In this blog post, we showcase how ALLEN implements network security on AWS by centralizing the ingress and egress traffic management. We'll explore the architecture ALLEN has adopted, highlighting the problems that led to the centralized architecture, the advantages of centralized ingress and egress, challenges and the road ahead.
Glossary
AWS VPC (Virtual Private Cloud) lets you provision a logically isolated section of the Amazon Web Services (AWS) cloud where you can launch AWS resources in a virtual network that you define. Each VPC works as an isolated network of its own i.e., it allows you to create your own network space and control how your network and the resources that reside in it are exposed to the internet.
NAT Gateways are used by Amazon VPC for Network Address Translation (NAT) so resources in private subnets can communicate with resources on the internet.

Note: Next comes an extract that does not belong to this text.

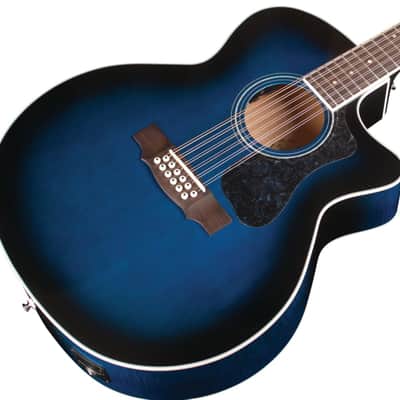 Guild F-2512CE Deluxe - Dark Blue Burst B-Stock image 1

North-South Traffic refers to the communication between internal networks such as a VPC and external networks including the Internet; it comprises both incoming or ingress traffic and outgoing or egress traffic.
East-West Traffic: East-West traffic is the communication within a network or VPC from one resource to another, usually internal communication between services and instances.
Problem Statement:
ALLEN has multiple public facing web applications and APIs which are deployed across multiple AWS VPCs for workload isolation and protection. There are some VPCs for data platform and data science workloads as well which require outbound internet access for software upgrades, accessing third party packages, etc. Providing secure ingress and egress from all these VPCs had several challenges like,
In the distributed networking model, each VPC required its own internet gateway and inspection mechanism. This meant managing each account VPC individually, which makes it difficult to centrally administer, maintain configurations or enforce policies. This increases the complexity of managing multiple configurations across numerous VPCs.
Ensuring a single point of egress from the ALLEN' AWS Network was essential to enforce company wide egress policies such as allowed domains, container image registries, allowed ports or protocols, etc.
Each VPC required its own set of NAT Gateways deployed across 3 availability zones for high availability and provisioning these many NAT Gateway would have incurred a lot of cost since NAT gateways have hourly charges ($0.056 per gateway per hour in Mumbai).
Deep packet inspection for any traffic entering or exiting the VPC would require setting up separate firewall appliances for each VPC or having AWS Gateway load balancer endpoints or AWS Network Firewall endpoints created in each VPC. However this is not the most cost effective solution as the cost of the GWLB or Network Firewall endpoints will grow along with increasing number of VPCs.
Hitting the virtual firewall appliances limits or some virtual appliances becoming unhealthy could become a bottleneck for the network. We needed a scalable, highly available and fault tolerant firewall solution.
Centralized Inspection Model overview for north-south traffic:
The centralized ingress and egress inspection model uses dedicated VPCs for Ingress traffic, Egress traffic and Network Inspection such that,
All the inbound traffic to ALLEN’s public applications and APIs enters the network through a centralized ingress VPC.
All the outbound traffic i.e. the traffic destined to the internet from any VPC in ALLEN’s network is routed through a centralized egress VPC.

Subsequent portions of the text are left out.